South Africa cannot afford “stalled policy reforms” in its bid to kickstart the country’s stalled economy, says Business Unity South Africa (BUSA) President Sipho Pityana.
His remarks come after the National Economic Development and Labour Council (NEDLAC) agreed to an economic recovery plan on Tuesday.
“The moment Cabinet signs off on the economic recovery plan, social partners need to focus on its implementation,” said Pityana.
“It is time to bite the bullet. We can no longer afford stalled policy reform as it erodes the economy’s potential growth and its global competitiveness.”
He added that the lack of economic direction in the past precipitated the first crisis, and Covid-19 precipitated the second.
Third crisis would be ‘terminal‘
“All of us government, business, labour and community need to make the most of what we have learnt to ensure we do not enter a third, terminal crisis in which the wheels come completely off the economy, we are indebted to the IMF forever, with all the conditionality that comes with such a scenario.”
Pityana said there are three critical matters that will have medium and long-term impacts and must be acted on immediately.
“These include fundamental structural reform interventions, to enable both global and local investment and achieve inclusive and sustainable growth. Critical interventions to stabilise the fiscal situation, such as managing debt and public expenditure, are also important.”
Finally, Pityana said, “hard decisions” need to be taken on state-owned enterprises (SOE) in order to optimise efficiencies and government should consider “divesting from SOEs with no prospect for yielding economic or social benefit to the country.”
Data from Stats SA last week showed a steep slump in GDP as COVID-19 took its toll on the economy.

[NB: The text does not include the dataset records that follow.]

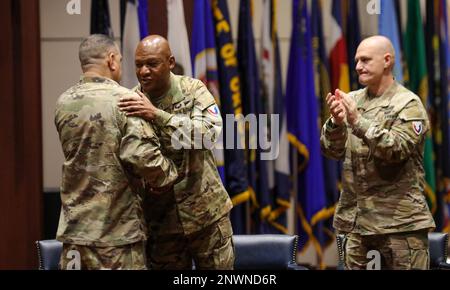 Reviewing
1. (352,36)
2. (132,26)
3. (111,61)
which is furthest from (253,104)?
(111,61)

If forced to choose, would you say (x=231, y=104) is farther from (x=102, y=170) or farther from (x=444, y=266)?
(x=102, y=170)

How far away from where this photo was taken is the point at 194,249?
328cm

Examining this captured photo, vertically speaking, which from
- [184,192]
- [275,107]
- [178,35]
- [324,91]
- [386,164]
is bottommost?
[184,192]

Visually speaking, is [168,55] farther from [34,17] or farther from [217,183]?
[34,17]

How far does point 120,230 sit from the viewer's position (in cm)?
300

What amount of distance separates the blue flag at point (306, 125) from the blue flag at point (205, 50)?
538 millimetres

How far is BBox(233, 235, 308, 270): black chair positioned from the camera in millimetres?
3979

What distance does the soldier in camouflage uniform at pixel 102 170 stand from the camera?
294 cm

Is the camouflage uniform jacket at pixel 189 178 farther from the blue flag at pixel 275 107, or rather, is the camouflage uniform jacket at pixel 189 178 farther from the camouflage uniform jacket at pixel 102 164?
the blue flag at pixel 275 107

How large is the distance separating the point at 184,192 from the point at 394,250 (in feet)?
3.28

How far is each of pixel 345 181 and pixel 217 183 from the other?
641mm

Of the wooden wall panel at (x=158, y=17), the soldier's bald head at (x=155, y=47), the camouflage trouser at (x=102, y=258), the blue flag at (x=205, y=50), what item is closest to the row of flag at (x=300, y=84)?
the blue flag at (x=205, y=50)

“Perhaps the second quarter of 2020 will become known as the pandemic quarter. South Africa’s economy suffered a significant contraction during April, May and June, when the country operated under widespread lockdown restrictions in response to COVID-19. Gross domestic product (GDP) fell by just over 16% between the first and second quarters of 2020, giving an annualised growth rate of ‑51%.”
Stats SA added that this contraction dwarfs the annualised slowdown of 6,1% recorded in the first quarter of 2009 during the global financial crisis.
“Historical data from 1960, sourced from the South African Reserve Bank, show that the second quarter of 2020 experienced the biggest fall in GDP since that year, far steeper than the annualised 8,2% decline in the fourth quarter of 1982.”
Eskom needs ‘inclusive and conclusive’ solution
Members of the social compact at Nedlac have also committed to mobilising funding to address Eskom’s crisis in a sustainable manner, according to reports.
Pityana said the commitments to support Eskom would hopefully ensure the issue of power supply would be dealt with as quickly as possible, in a “conclusive and inclusive fashion.”
Another short-term priority is expediting digital migration by March 2021, releasing high demand spectrum and expediting the rollout of broadband and other ICT infrastructure.
There is also emphasis placed on localisation, replacing imports as a means of job creation.